Although former Secretary of State Hillary Clinton got nearly 2,000 more popular votes than Sen. Bernie Sanders in the KY primary, Sanders is ahead by about 36,000 more popular votes than Clinton in Oregon, where 70 percent of the votes cast have been counted, according to the Associated Press.
The two candidates are expected to split the delegates in KY, while Sanders will reduce Clinton’s delegate lead slightly as a result of his Oregon victory. Dana Tims of The Oregonian noted,
Sanders locked up the Oregon victory by establishing insurmountable leads in Democratic strongholds including Multnomah and Lane counties. But they’ll share 74 delegates proportionally, meaning Sanders’ victory will do little to cut into Clinton’s overall lead in delegates.
…A sizable surge in voter registration, particularly among young voters apparently sparked by Sanders’ populist message, preceded the primary.
Registration among those ages 18 to 29 increased by 21 percent from September 2015 to April 2016. No other age group managed to break double digits, with voters ages 30 to 39 coming closest at 9 percent, according to Oregon Secretary of State’s Office figures.
During that same eight-month period, Democratic registration grew by 16 percent. Democrats now comprise 42 percent of the electorate, up from 38 percent less than a year ago. Republican registration, by contrast, grew by 7 percent during the period. Their share of the electorate remained unchanged at 30 percent.
Thus far, Clinton has received more than 3 milllion more popular votes than has Sanders. As for overall delegate totals, Tims notes,
Although precise delegate tallies can change day-to-day, Clinton, prior to Oregon and other Tuesday contests, counted 1,716 delegates awarded on the basis of the votes she’s gotten. That’s an edge of 283 over Sanders’ 1,433 pledged delegates.
When superdelegates are factored in, Clinton’s lead grows daunting, giving her a 2,240-to-1,473 edge over Sanders…Unpledged Democratic party leaders are free to support the candidate of their choice, regardless of how their states’ voters leaned. A vast majority of the party’s 714 superdelegates – 524 to 40 to be precise – have declared their support for Clinton.
The Clinton campaign believes they can clinch the delegates needed for the Democratic nomination on June 7, when California, Montana, New Jersey, New Mexico, North Dakota and South Dakota hold their primaries and caucuses.
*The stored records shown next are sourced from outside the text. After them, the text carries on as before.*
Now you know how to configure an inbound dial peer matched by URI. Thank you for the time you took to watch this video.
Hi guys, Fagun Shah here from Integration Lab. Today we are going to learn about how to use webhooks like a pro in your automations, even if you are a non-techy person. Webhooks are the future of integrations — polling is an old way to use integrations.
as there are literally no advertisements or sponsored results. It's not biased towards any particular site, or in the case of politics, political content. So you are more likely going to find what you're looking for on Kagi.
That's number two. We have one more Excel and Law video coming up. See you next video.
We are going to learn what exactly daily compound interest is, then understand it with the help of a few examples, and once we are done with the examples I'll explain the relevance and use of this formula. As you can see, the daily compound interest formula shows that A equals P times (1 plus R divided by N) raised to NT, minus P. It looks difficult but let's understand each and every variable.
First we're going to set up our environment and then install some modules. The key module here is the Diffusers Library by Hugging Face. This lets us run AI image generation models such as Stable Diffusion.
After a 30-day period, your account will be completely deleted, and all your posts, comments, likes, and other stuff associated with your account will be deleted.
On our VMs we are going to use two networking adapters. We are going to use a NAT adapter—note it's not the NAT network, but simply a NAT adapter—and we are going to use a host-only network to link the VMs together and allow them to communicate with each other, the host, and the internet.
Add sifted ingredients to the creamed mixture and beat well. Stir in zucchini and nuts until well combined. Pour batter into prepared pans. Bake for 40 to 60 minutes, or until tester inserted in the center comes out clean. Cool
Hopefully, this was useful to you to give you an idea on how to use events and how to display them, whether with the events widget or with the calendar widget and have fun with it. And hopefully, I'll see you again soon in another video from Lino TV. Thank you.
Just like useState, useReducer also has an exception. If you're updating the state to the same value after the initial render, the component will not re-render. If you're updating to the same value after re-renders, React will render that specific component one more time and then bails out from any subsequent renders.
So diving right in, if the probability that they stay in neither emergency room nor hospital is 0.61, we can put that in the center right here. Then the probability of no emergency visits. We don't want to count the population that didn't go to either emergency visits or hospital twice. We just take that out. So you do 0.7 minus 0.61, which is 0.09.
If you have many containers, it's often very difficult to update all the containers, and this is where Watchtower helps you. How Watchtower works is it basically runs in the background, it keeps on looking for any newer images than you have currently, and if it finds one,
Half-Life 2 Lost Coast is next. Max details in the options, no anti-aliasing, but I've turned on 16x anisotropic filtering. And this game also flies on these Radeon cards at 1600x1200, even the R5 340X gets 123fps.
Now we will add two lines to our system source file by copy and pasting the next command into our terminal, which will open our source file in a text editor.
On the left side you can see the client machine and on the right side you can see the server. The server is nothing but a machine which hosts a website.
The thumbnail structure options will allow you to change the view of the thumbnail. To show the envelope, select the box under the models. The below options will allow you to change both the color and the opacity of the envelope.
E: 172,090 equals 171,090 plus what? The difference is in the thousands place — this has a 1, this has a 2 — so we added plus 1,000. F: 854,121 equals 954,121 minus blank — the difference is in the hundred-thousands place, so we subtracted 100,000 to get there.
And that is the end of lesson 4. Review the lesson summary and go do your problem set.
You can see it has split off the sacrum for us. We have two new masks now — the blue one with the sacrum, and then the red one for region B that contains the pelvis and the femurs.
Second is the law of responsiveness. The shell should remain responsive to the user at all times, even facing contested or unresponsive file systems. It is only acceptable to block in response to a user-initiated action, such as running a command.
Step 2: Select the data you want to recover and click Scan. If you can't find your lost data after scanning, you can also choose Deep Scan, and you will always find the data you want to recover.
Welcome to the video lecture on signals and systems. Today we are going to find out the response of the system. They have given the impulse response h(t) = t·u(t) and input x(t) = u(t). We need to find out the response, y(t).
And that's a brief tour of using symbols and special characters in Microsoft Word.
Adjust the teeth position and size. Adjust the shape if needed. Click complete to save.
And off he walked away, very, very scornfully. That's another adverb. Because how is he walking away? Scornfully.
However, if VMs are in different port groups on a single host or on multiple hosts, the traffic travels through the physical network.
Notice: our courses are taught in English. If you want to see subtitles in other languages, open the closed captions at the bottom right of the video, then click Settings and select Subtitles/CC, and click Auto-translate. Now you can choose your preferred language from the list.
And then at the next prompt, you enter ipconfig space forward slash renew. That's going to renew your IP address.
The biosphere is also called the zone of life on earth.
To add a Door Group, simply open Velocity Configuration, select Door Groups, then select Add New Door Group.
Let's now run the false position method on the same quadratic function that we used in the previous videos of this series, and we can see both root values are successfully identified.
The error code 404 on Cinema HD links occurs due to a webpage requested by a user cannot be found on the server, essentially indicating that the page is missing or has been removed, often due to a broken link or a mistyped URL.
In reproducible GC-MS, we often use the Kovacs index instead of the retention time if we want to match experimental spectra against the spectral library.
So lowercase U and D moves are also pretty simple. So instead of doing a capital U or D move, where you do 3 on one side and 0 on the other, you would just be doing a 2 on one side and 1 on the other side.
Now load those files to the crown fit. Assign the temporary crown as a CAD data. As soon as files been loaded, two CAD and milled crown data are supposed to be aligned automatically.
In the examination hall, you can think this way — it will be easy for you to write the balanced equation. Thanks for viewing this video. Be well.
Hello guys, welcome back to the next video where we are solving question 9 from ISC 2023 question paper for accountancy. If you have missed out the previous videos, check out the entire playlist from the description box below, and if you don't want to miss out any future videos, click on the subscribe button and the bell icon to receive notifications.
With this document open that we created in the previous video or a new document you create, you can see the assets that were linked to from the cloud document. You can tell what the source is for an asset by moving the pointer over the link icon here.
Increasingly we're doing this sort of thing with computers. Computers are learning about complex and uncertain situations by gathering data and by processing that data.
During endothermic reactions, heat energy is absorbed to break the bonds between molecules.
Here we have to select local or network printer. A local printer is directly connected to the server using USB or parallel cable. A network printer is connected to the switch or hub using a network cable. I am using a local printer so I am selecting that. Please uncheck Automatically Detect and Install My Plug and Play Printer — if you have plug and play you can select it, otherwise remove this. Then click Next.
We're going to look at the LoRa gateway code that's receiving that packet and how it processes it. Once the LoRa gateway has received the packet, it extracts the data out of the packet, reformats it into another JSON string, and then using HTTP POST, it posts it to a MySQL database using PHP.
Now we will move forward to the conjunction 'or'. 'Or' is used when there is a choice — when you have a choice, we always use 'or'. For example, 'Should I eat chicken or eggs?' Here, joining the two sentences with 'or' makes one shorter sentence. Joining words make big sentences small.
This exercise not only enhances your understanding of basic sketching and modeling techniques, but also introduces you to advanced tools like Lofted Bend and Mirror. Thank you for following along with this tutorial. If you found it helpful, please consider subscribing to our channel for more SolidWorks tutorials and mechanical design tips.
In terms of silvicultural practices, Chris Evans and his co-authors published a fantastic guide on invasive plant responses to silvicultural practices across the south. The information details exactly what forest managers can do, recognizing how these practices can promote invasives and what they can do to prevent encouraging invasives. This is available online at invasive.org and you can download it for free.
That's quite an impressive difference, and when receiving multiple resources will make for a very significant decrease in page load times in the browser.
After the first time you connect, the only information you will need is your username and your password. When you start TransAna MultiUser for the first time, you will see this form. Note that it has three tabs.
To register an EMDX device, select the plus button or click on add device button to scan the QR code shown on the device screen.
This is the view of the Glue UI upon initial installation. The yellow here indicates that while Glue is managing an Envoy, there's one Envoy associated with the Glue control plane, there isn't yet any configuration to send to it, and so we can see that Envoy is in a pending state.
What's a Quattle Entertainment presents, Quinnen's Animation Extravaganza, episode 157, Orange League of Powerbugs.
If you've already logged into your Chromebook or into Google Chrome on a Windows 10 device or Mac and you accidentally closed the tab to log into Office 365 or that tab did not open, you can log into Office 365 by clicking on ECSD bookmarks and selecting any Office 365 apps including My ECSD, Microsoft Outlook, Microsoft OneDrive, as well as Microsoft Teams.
Sanders has pledged to stay in the campaign “until the last ballot is cast” and “take our fight to the convention.”
Regarding the angry conflict between Clinton and Sanders supporters at the Nevada state Democratic convention, Clare Foran observes at The Atlantic:
The challenge for Democrats, and particularly for Clinton, is to find out how to preserve unity as the primary drags on. One question is whether the kind of hostility seen in Nevada will play out at the national convention this summer. “There’s not going to be any violence in Philadelphia,” Sanders campaign manager Jeff Weaver told CNN on Tuesday. “Whoever the ultimate nominee is we want to unify the party… so that we can all go out and defeat Donald Trump in the fall. I don’t think there’s any question about that. What happened in Nevada, I think, is an aberration.” That likely won’t be enough to quell fears among Democrats who are concerned that unity will be difficult to achieve.
Let anger, chaos and violence define the GOP brand. The last two Democratic national conventions have provided excellent displays of civility, event management and party unity — that’s a tradition worth keeping.